# [Exercise brief]
Output the listing word for word, minus images.
Start of Task inputs
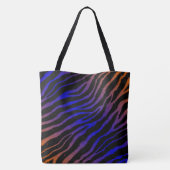 Ripped SpaceTime Stripes - Orange/Blau Tasche (Rückseite)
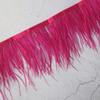 Tira de Tela de Plumas 10-13cm Borde de Tela de Pluma de Avestruz Material de Decoración para Vestido Falda de Baile Latino Cinturón de Tela Accesorios de Ropa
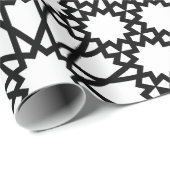 Schleifpapier - Muster B/W Geschenkpapier (Rolleneckpunkt)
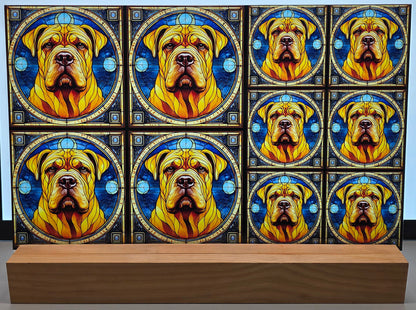 DecoCraft - Scenic Elevated Texture Tiles - Chinese Shar Pei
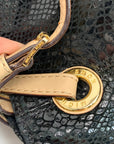 Michael Kors Jet Set Black Embossed Python Tote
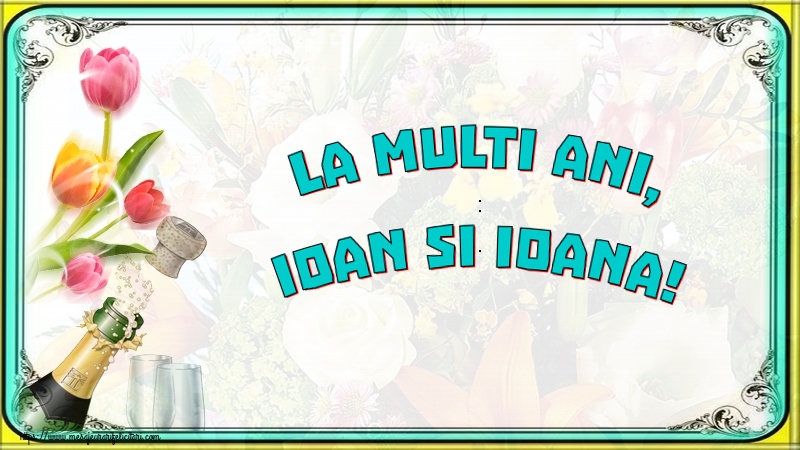 Felicitari aniversare De Sfantul Ioan - La multi ani, Ioan si Ioana!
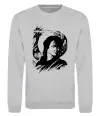 Свитшот В.Цой Серый меланж фото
End of Task inputs
# [Output for this task]
 Ripped SpaceTime Stripes - Orange/Blau Tasche (Rückseite)
 Tira de Tela de Plumas 10-13cm Borde de Tela de Pluma de Avestruz Material de Decoración para Vestido Falda de Baile Latino Cinturón de Tela Accesorios de Ropa
 Schleifpapier - Muster B/W Geschenkpapier (Rolleneckpunkt)
 DecoCraft - Scenic Elevated Texture Tiles - Chinese Shar Pei
 Michael Kors Jet Set Black Embossed Python Tote
 Felicitari aniversare De Sfantul Ioan - La multi ani, Ioan si Ioana!
 Свитшот В.Цой Серый меланж фото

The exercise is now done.